Como en cualquier centro de trabajo, los comensales se distribuían en las mesas por afinidad de partido. Diría aún más: por afinidad estratégica o ideológica dentro de cada partido. Sin embargo, un biombo situado al fondo de la sala parecía romper con aquel espejismo de familiaridades y similitudes. Un biombo que demuestra, en buena medida, que el Congreso de los Diputados no es un centro de trabajo como otro cualquiera.

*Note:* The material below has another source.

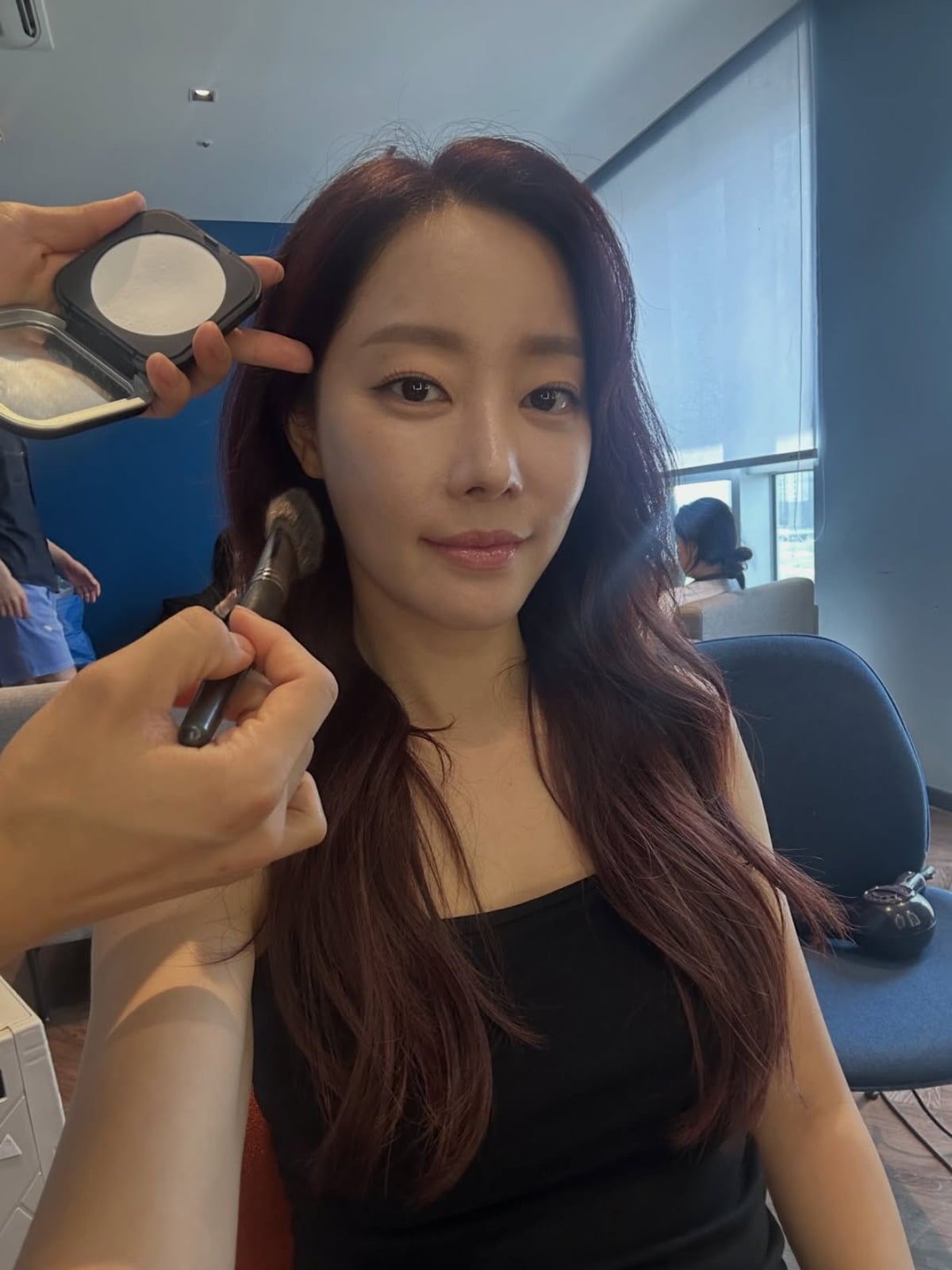 고우리가 촬영 현장 사진을 공개했다. / 사진=고우리 SNS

Consulté a varios diputados y me aclararon que, tras aquella mampara, servían exactamente el mismo menú, pero que su precio ascendía allí a diecinueve euros: esto es, más del doble que haciendo cola en el self-service. Al parecer, la diferencia de precio se debe a que, quienes ocupan ese espacio velado, son servidos personalmente por los camareros del restaurante del Congreso.

No está muy bien visto, según me reconocieron parlamentarios de diversos grupos, acomodarse detrás del biombo. Y lo cierto es que la elección del lugar no se debe, bajo ningún concepto, a una necesidad de discreción para conspirar contra rivales políticos. El Congreso cuenta con infinidad de despachos al servicio de los conspiradores. Aquel armazón, sin embargo, ofrece lo que ya dijera Mary Carmen Ramírez (Fernanda en La Corte del Faraón), en una escena en la que los dueños de la compañía teatral se ven obligados a comer frente al resto de los cómicos: “Echa el biombo, Roque, que me azoran…”

Pude observar un par de rostros conocidos entrando o saliendo de aquel rincón. Se trataba de personas que llevan muchos años en cargos públicos y que, a tenor de algunas de sus declaraciones, hace ya tiempo que perdieron el contacto con la España real. Personas que niegan reiteradamente la malnutrición infantil, el paro estructural de los jóvenes o las colas en comedores sociales. Supongo que su perspectiva, para según qué cosas, empieza y acaba en aquel biombo.

Volví al Congreso al día siguiente de la defunción de Rita. No encontré el bullicio de la ocasión anterior. Los pasillos estaban desiertos y hasta se respiraba cierto aire fúnebre. Me detuve en el justo lugar donde Rita estrechó por última vez la mano de Felipe y Letizia. El nombre popular de esta conocida estancia es el Salón de los Pasos Perdidos.

 Volví al restaurante para echar una última ojeada al biombo que me ha permitido escribir este artículo. Confieso que, por algún motivo, preferí no asomarme. Cosas del pudor ajeno, supongo.